### Source material ###
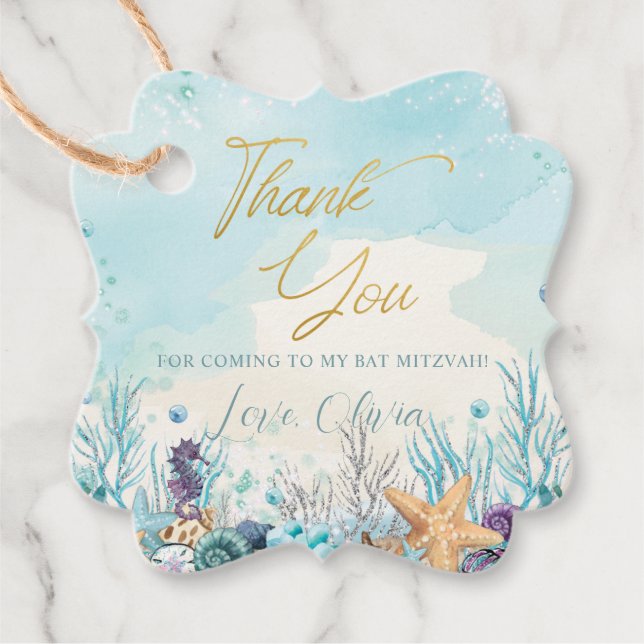 Bat mitzvah under havsbottnens havsfågeldag gåvor etiketter (Framsida)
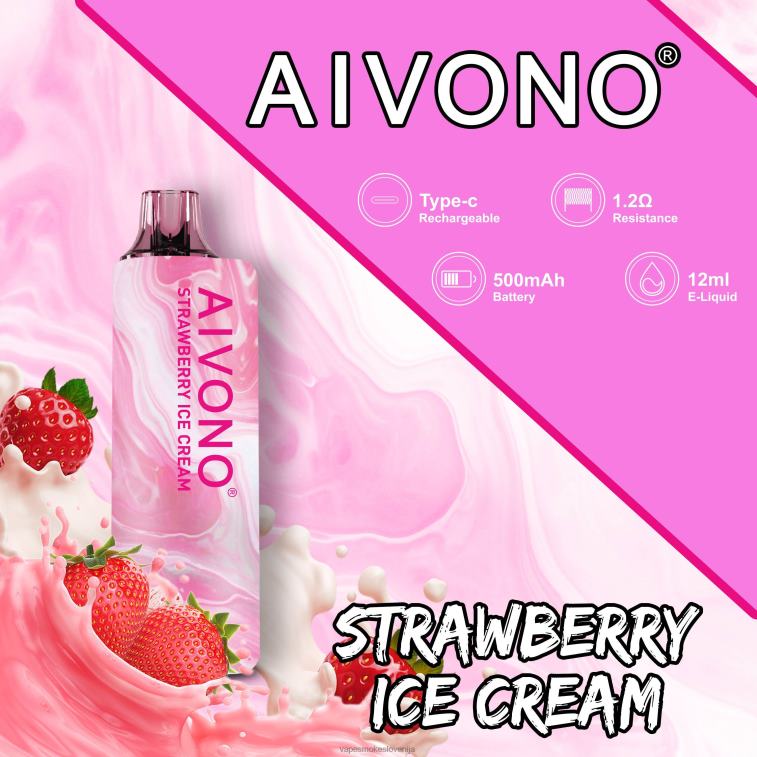 Vape Tekočine 6FDXN105 Aivono AIM GUN 7000 jagodni sladoled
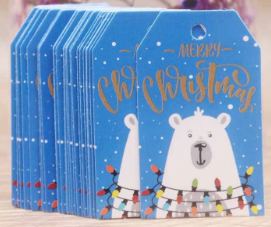 Kerst labels - tags 10 stuks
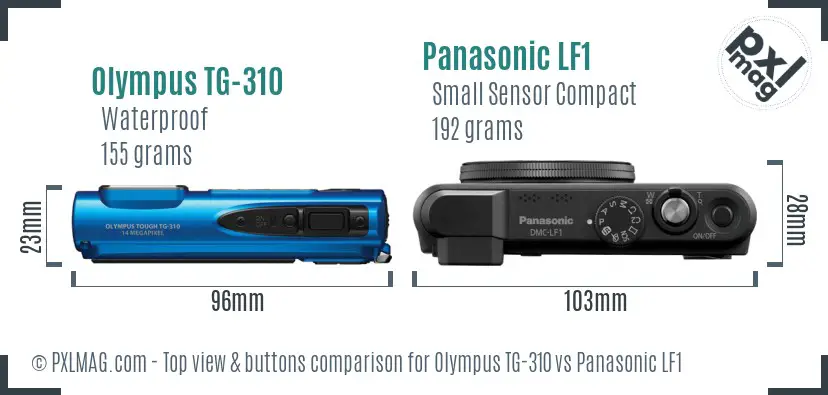 Olympus TG-310 vs Panasonic LF1 top view buttons comparison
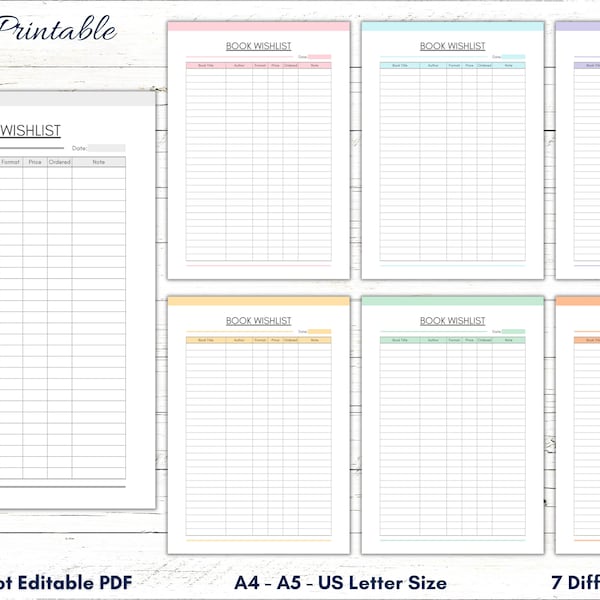 Buch Wunschliste druckbare Vorlage, Lesewunschliste, Bucheinkauf Tracker, Lesewunschliste, Lesejournal, Bullet Journal, PDF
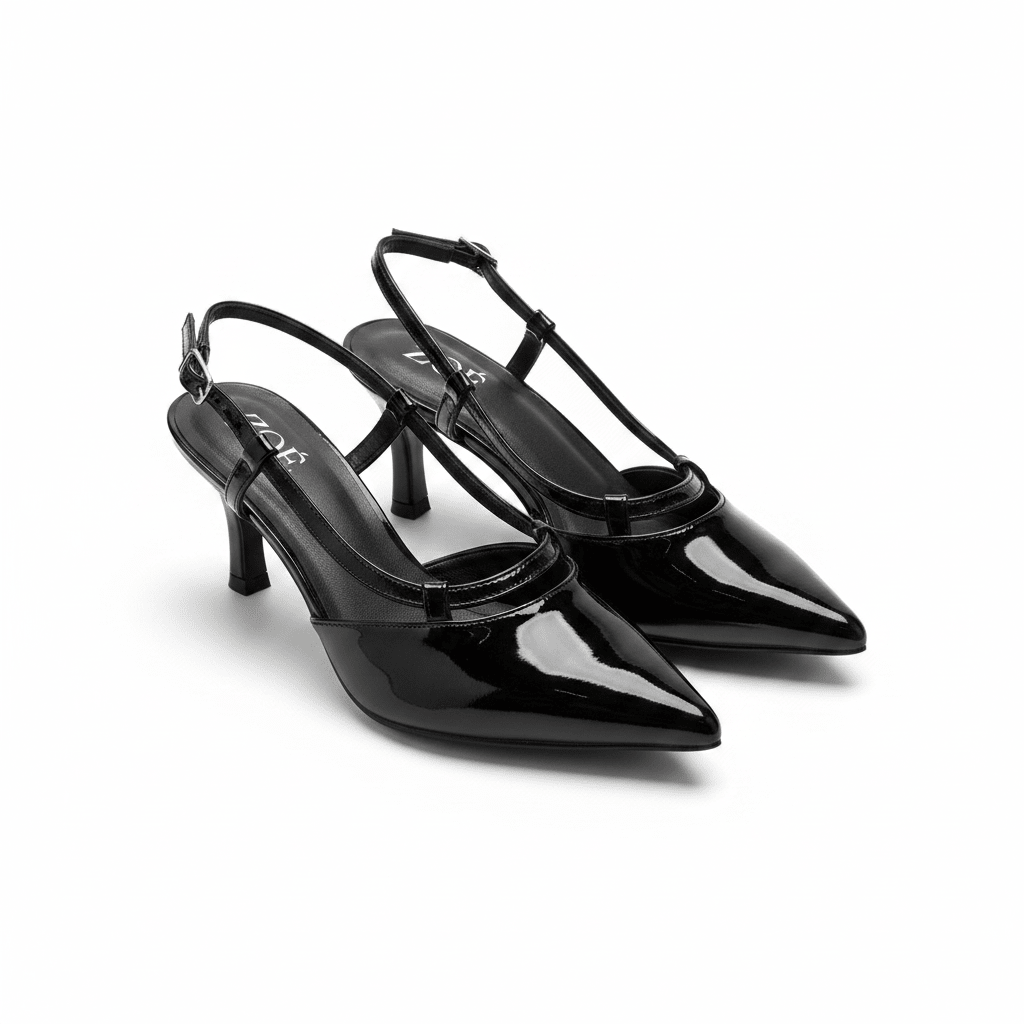 Tacones Negro Charol 15098 Punta Fina Slingback de mujer Costa Rica - ZOÉ BRAND 2026 BLACK charol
###
Try it = Exclude all pictures and reproduce verbatim the lines running from the line that contains "Vape Tekočine 6FDXN105" to the end of the data above, both ends included.

Your solution =
 Vape Tekočine 6FDXN105 Aivono AIM GUN 7000 jagodni sladoled
 Kerst labels - tags 10 stuks
 Olympus TG-310 vs Panasonic LF1 top view buttons comparison
 Buch Wunschliste druckbare Vorlage, Lesewunschliste, Bucheinkauf Tracker, Lesewunschliste, Lesejournal, Bullet Journal, PDF
 Tacones Negro Charol 15098 Punta Fina Slingback de mujer Costa Rica - ZOÉ BRAND 2026 BLACK charol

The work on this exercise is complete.